By Alexander F. Remington
Washington Post Staff Writer
Thursday, June 12, 2008

Last week in Howard University's Cramton Auditorium, the members of Benjamin Banneker Academic High School's Class of 2008 received their diplomas. All 73 are going to college.

That might seem like an anomaly for a public high school in the District, but for Banneker, pursuing higher education is part of the school's mission statement.

"It all settles to one thing," Principal Anita Berger said. "We're college-bound."

Banneker presents a challenging four years. Freshmen take Latin unless they're in the International Baccalaureate program. All students take four years each of a foreign language and math. Even the grading scale is strict: a 94 on a test is a B, and an 87 is a C. (Fifty-nine percent of students have a GPA of less than 3.0.)

But all students are serious about academics. Applicants must be in the top 18 percent of their eighth-grade class and must be recommended by their teachers and principals. Candidates are interviewed by Banneker teachers, administrators and Berger.

Many students become overwhelmed by the coursework and transfer to other schools.

Jasmine Dunn, 17, nearly did. "Banneker wasn't my first choice," she said. By sophomore year, the workload -- three to four hours of homework a night, even without AP or IB courses -- seemed too much. But she persisted. "Banneker gives you that motivation to do something better," Dunn said. "I'm glad I stayed."

She graduated June 2 and will attend Delaware State University in the fall. She wants to be a teacher.

College is part of the curriculum from Day One. Incoming freshmen tour local colleges. The school's walls are covered with posters about colleges and student loans, bulletin boards full of information about the AP and IB programs and signs listing the school's no-nos: no cellphones, no gum. There is no uniform, but there is a dress code: no hats, bandannas or tank tops, and no skirts or pants above the knee. Students are told to think of themselves as future professionals.

The focus on academics pays off.

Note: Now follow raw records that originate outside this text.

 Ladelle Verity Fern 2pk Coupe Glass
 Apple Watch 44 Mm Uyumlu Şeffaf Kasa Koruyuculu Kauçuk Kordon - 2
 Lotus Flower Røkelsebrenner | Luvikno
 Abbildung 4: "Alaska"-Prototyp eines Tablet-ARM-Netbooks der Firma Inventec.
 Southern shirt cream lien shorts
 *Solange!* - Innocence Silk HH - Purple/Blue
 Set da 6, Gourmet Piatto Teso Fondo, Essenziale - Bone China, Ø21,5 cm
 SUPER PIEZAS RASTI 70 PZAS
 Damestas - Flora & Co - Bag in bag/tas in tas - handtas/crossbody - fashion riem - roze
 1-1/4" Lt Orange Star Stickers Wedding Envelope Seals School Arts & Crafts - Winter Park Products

This year's valedictorian, Darlene Zephyrine, 18, is bound for Brandeis University. Zephyrine, a native of Trinidad, said she wants to study aerospace engineering and dreams of working for NASA on manned missions to Mars. "I'm really big on sciences," she said.

She is also captain of the volleyball team, plays for the tennis team and ran track for three years. But it wasn't easy, as she sometimes did four to five hours of homework a night. "In general, to me it was a good experience. Sometimes it was horrible. I would give it an A-minus," she said.

Banneker, across from Howard University on Georgia Avenue, is the only public high school in Washington with an IB program, which it instituted seven years ago as an alternative to AP classes. Students must apply to be in the program; about 25 are accepted. Zephyrine said she was in it because "they said it'd be hard. . . . When I hear [about] challenging stuff, I think it's going to be good."

Before graduating, every student at Banneker must complete 270 hours of community service, which often serves as job training. Dunn and Zephyrine worked as tutors.

Academics, community service and extracurricular activities are the elements of what guidance counselor Vernita Jefferson calls the "development of the whole child."

Berger, who arrived at Banneker 15 years ago after teaching at Howard, summed up the school's success in achieving its mission: "This is a school that people look at as a school that works." Seventy-three rising college freshmen would probably agree.